New WA State Distracted Driving Law

Posted 6/23/17

Having your attention, thoughts, and focus away from the road in front of you greatly increases the odds that you will not be able to react in time to avoid a collision. It is currently illegal to text or hold your phone to your ear while driving.

The passage of Washington State’s newest traffic law tackles this issue by outlawing (with some specific exceptions) drivers from holding their phone or other small electronic devices in their hand while operating a motor vehicle on the road. Scheduled to take effect July 23rd, the change in the law aims to close a few loopholes that exist under the current law.

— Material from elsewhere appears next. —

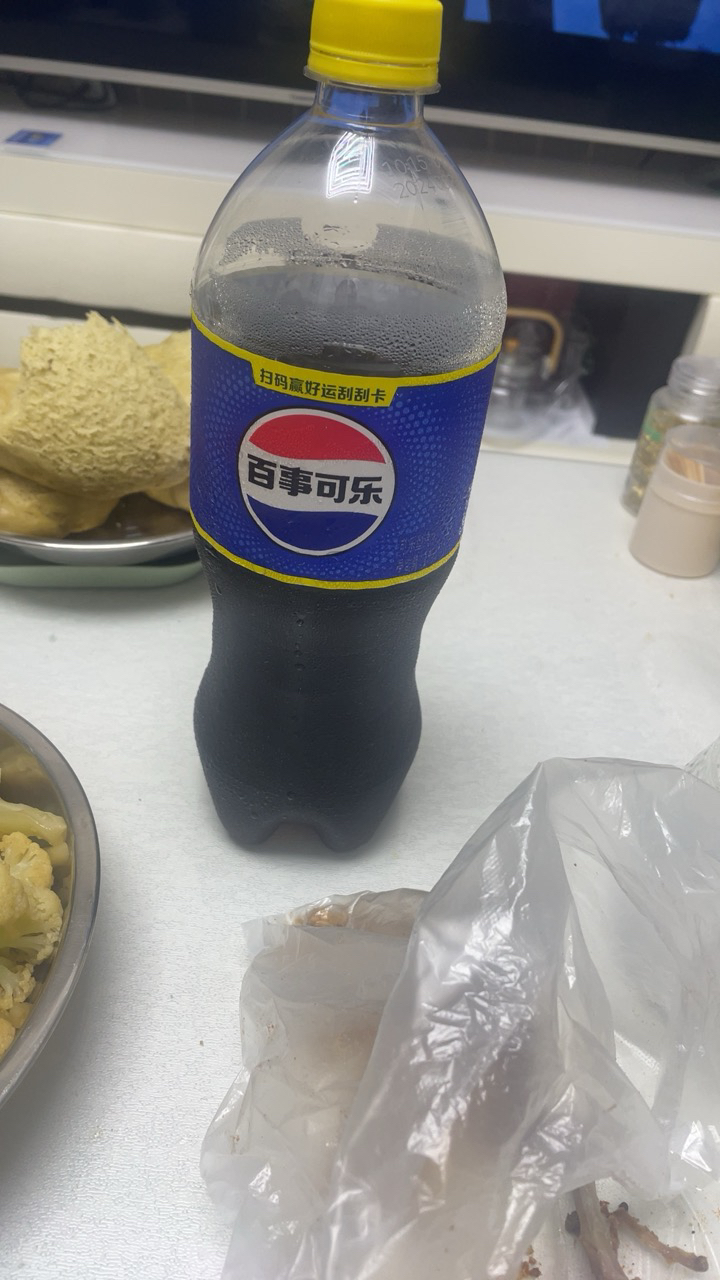 百事可乐 Pepsi 汽水 碳酸饮料 1L*2瓶 (新老包装随机发货) 百事出品晒单图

One of the biggest “grey areas” that was cleaned up in the new legislation is clarification that the law applies to anyone operating a vehicle on a public roadway. In the past, drivers stopped for a light or stuck in our usual freeway back-up would argue that they were not “driving” so the law didn’t apply to them. Beginning this summer, the new law will apply to anyone behind the wheel regardless if your car is moving or not. Drivers are permitted to pull over to a safe location in order to talk or text without violating the law.

The act of texting is a much more common method of communication these days and requires your hands, eyes, and brain to send a text. All three of these should be focused on the driving task in front you and not on your device. The new law goes straight at this problem by requiring drivers to put their device down while on the road.

Once the law goes into effect, Redmond officers will be not be under any mandate to offer a grace period. The decision to stop a vehicle and/or issue a ticket or warning has always been at the discretion of the individual officer, and that will continue to be the case. The penalty if cited by an officer is $136 for the first offense but jumps to $234 for the second offense. These tickets will also now be reported to insurance companies. Additionally, an extra $30 can be added to a standard traffic infraction ticket if the officer observes a driver engaging in activity “not related to the operation of the vehicle” which contributes to a violation taking place. Your dog jumping into your lap and causing you to run a stop sign is the classic example of this. Although eating, grooming, and rocking the air guitar can also count.

While there will always be a long list of things drivers can face which take their attention off the road, the updated cell phone law targets a growing trend of drivers paying more attention to their daily communication than their own driving. When you’re behind the wheel, put the messages on hold and focus on the road!